→ PROBLEM DETAILS
This exercise calls for the records to be returned exactly, with images removed.

TASK INPUT section start

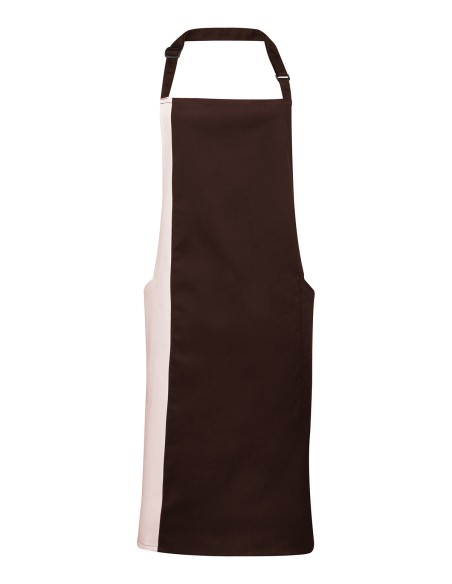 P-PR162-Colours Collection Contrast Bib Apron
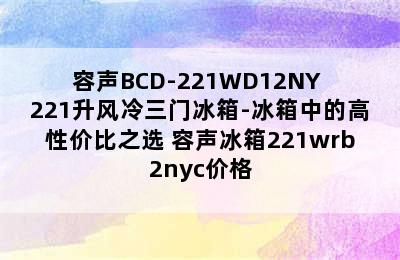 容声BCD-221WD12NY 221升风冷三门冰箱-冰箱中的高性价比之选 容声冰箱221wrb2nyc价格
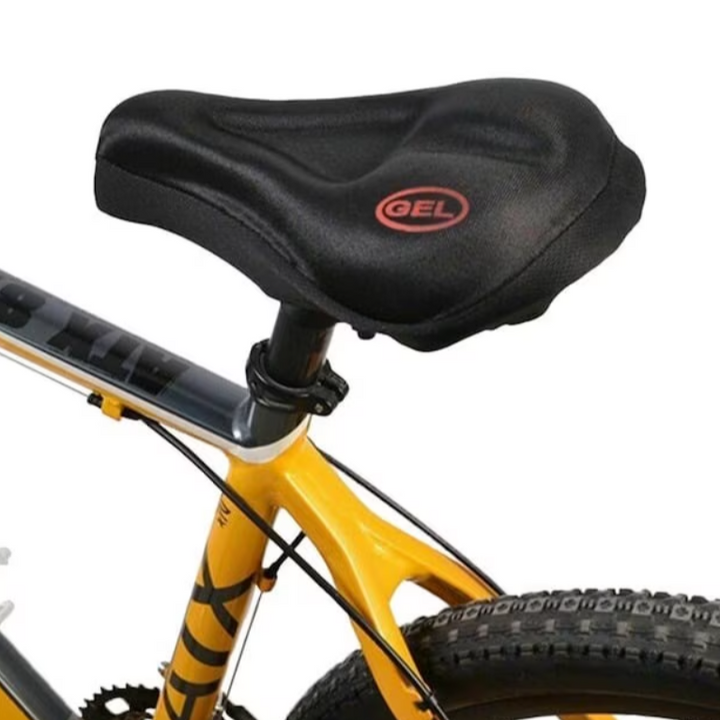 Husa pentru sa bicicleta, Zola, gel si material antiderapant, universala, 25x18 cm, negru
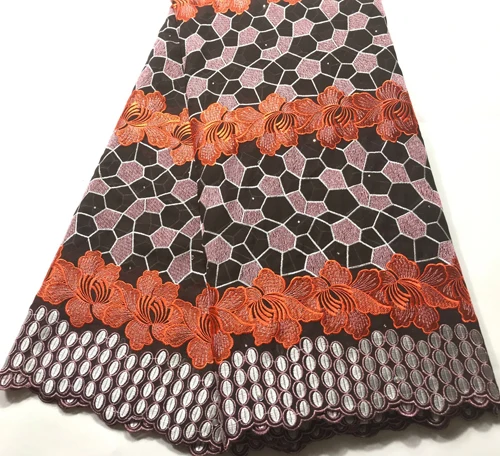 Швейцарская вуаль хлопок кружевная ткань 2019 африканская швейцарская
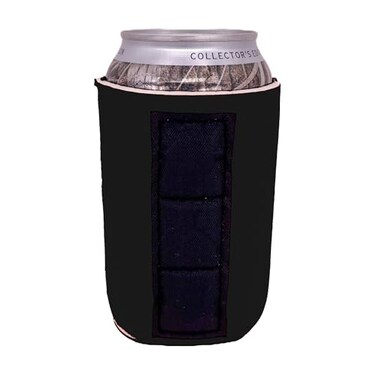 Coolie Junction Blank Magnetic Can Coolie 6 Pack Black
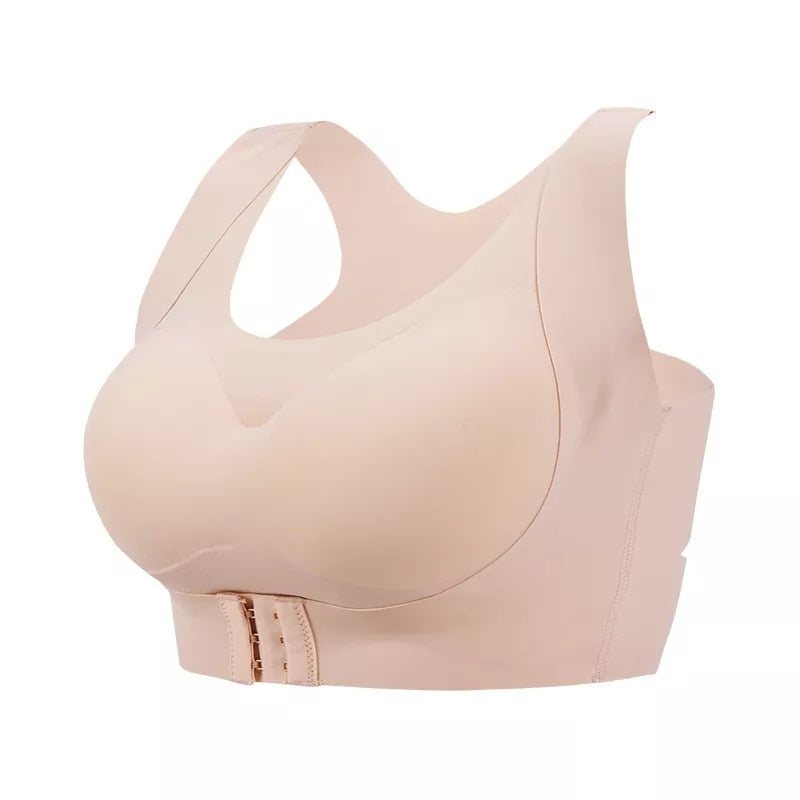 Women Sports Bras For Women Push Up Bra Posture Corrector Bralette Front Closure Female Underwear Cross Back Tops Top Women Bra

TASK INPUT section end

→ RESPONSE AREA
 P-PR162-Colours Collection Contrast Bib Apron
 容声BCD-221WD12NY 221升风冷三门冰箱-冰箱中的高性价比之选 容声冰箱221wrb2nyc价格
 Husa pentru sa bicicleta, Zola, gel si material antiderapant, universala, 25x18 cm, negru
 Швейцарская вуаль хлопок кружевная ткань 2019 африканская швейцарская
 Coolie Junction Blank Magnetic Can Coolie 6 Pack Black
 Women Sports Bras For Women Push Up Bra Posture Corrector Bralette Front Closure Female Underwear Cross Back Tops Top Women Bra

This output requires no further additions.